Death is a subject that many people do not care to talk about. Talking about, or even thinking about death gives me chills or makes me instantly sad, nervous, nostalgic and anxious at the same time.
Yesterday morning, I got word that my Aunt Selina of Baton Rouge passed away. In case you didn’t know, I was born in Lafayette, Louisiana and lived in Baton Rouge for a few years. My father is a Baton Rouge native and half of my family lives there. Even though I don’t get to visit as much as I would like, I am still deeply connected to them and my Creole heritage. Social networking sites like Facebook, Twitter and Instagram help make the distance feel shorter.
Getting word my aunt’s death sent me into this dazed state of mind, similar to being frozen in time.
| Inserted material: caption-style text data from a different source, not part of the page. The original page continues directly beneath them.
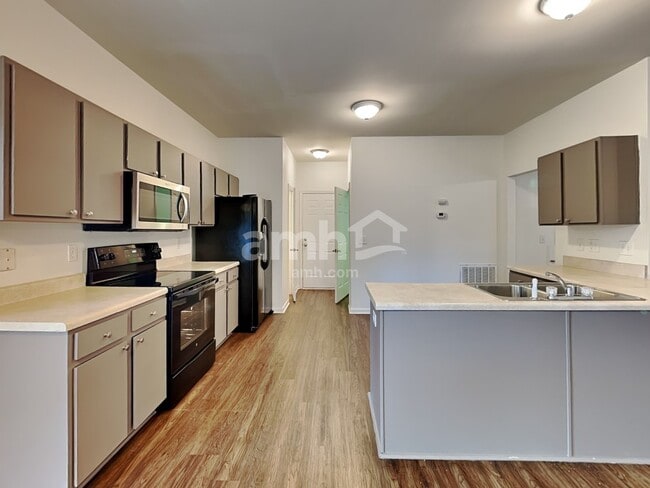 Photo - 704 Marjam Ln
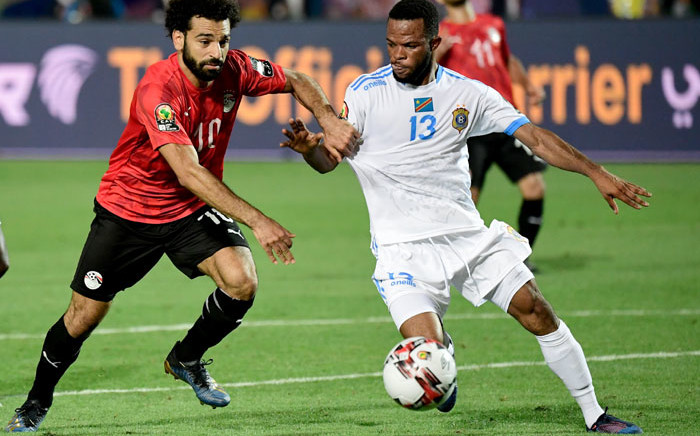 Egypt's Mohamed Salah (L) fights for the ball with DR Congo's Elia Meschak during the 2019 Africa Cup of Nations football match between Egypt and DR Congo at the Cairo International Stadium on June 26, 2019. Picture: AFP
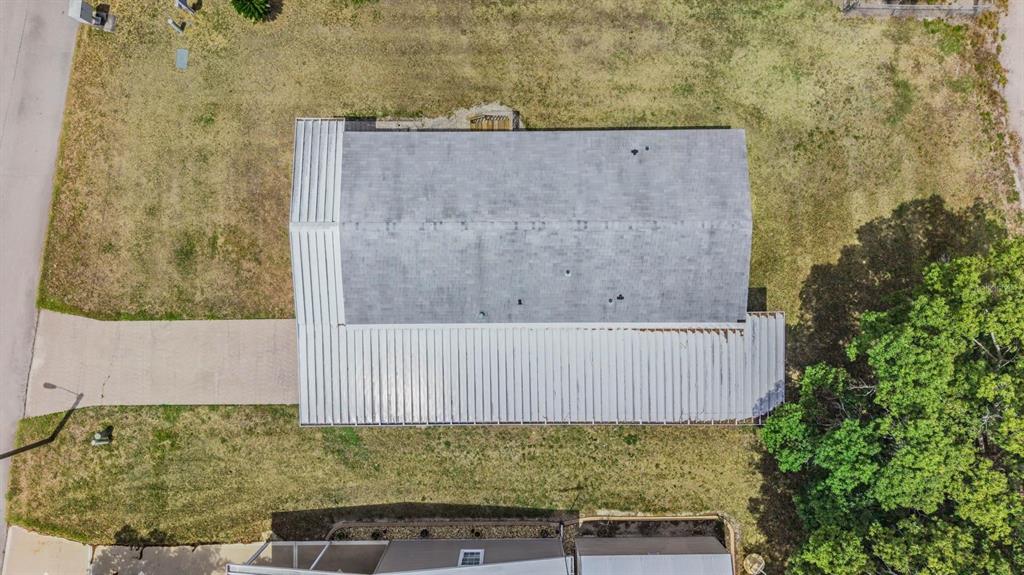 An aerial view shows a house with a shingled roof and a metal-roofed porch — 36747 LAKEWOOD DRIVE, ZEPHYRHILLS, FL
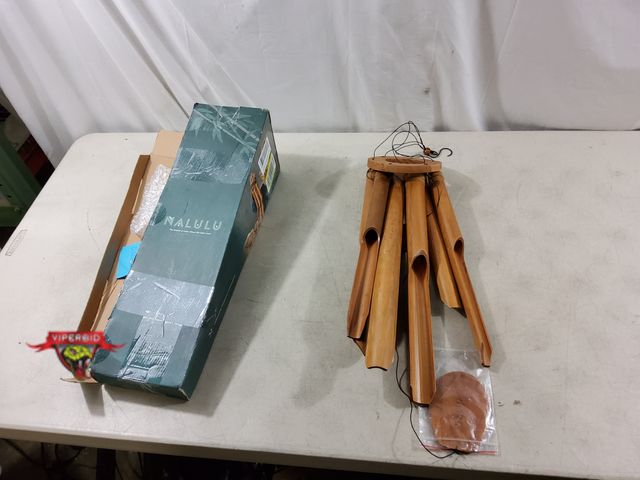 Lot 7-135643 - Nalulu handcrafted bamboo wind chime. 42".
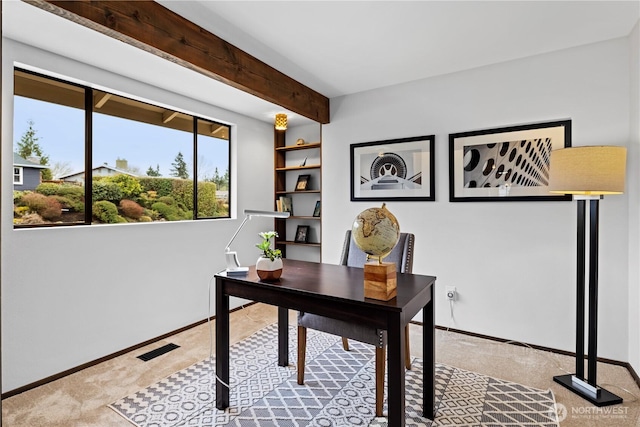 carpeted office featuring beam ceiling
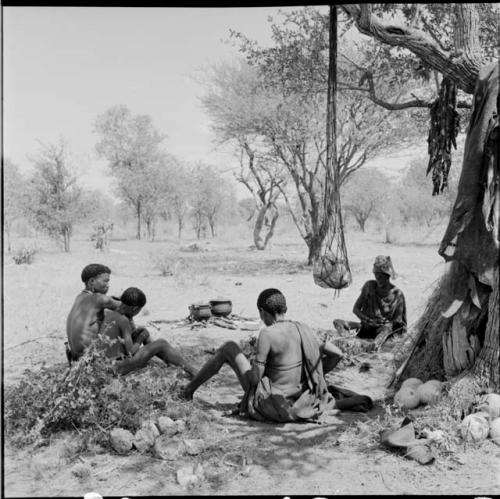 Group of men sitting next to a skerm with ostrich eggshells on the ground next to them, net bag and strips of meat hanging in a tree near them, two pots cooking on a fire behind them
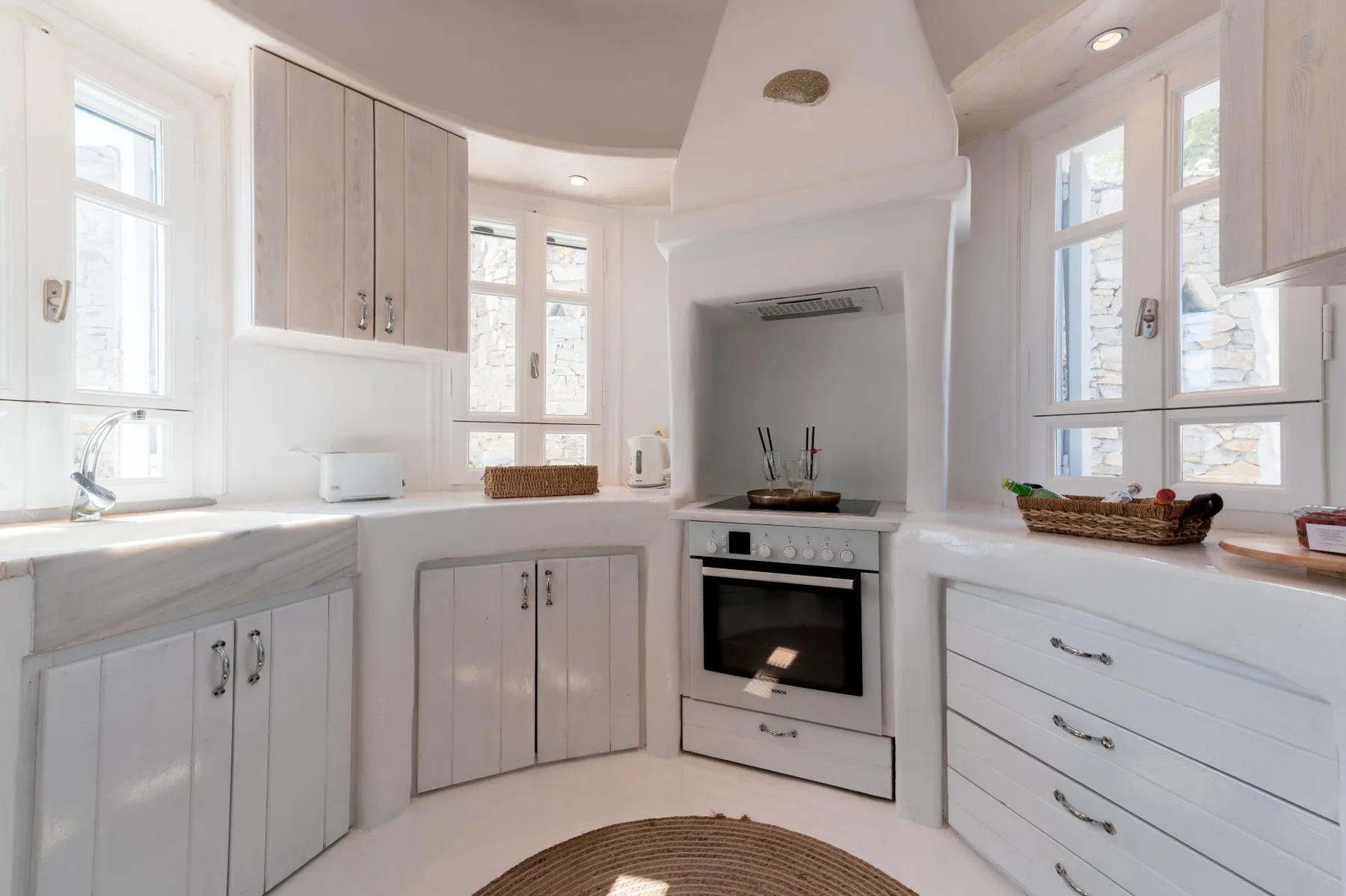 Una cocina luminosa con gabinetes claros, una encimera y un horno empotrado.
You find yourself staring at nothing in particular as moments that you didn’t realize you remembered flash through your mind – all at once it seems.
It just so happens that I was watching Oprah’s interview with Deepak Chopra Sunday afternoon when they discussed death and why we fear it, how we deal with it, etc. I loved Chopra’s response about how he views death. He doesn’t fear it because he “dies every day”. He brought attention to the fact that the past is dead and the child we once were is dead.
I used to get sad during happy moments at the thought of not having my loved ones around or vice versa. I’m working on getting better about it and accepting the fact that we will all have to leave this “place” (as in earth) one day. I think what freaks me out is the way in which it will happen.
There was a time when I was so superstitious about even bringing up death!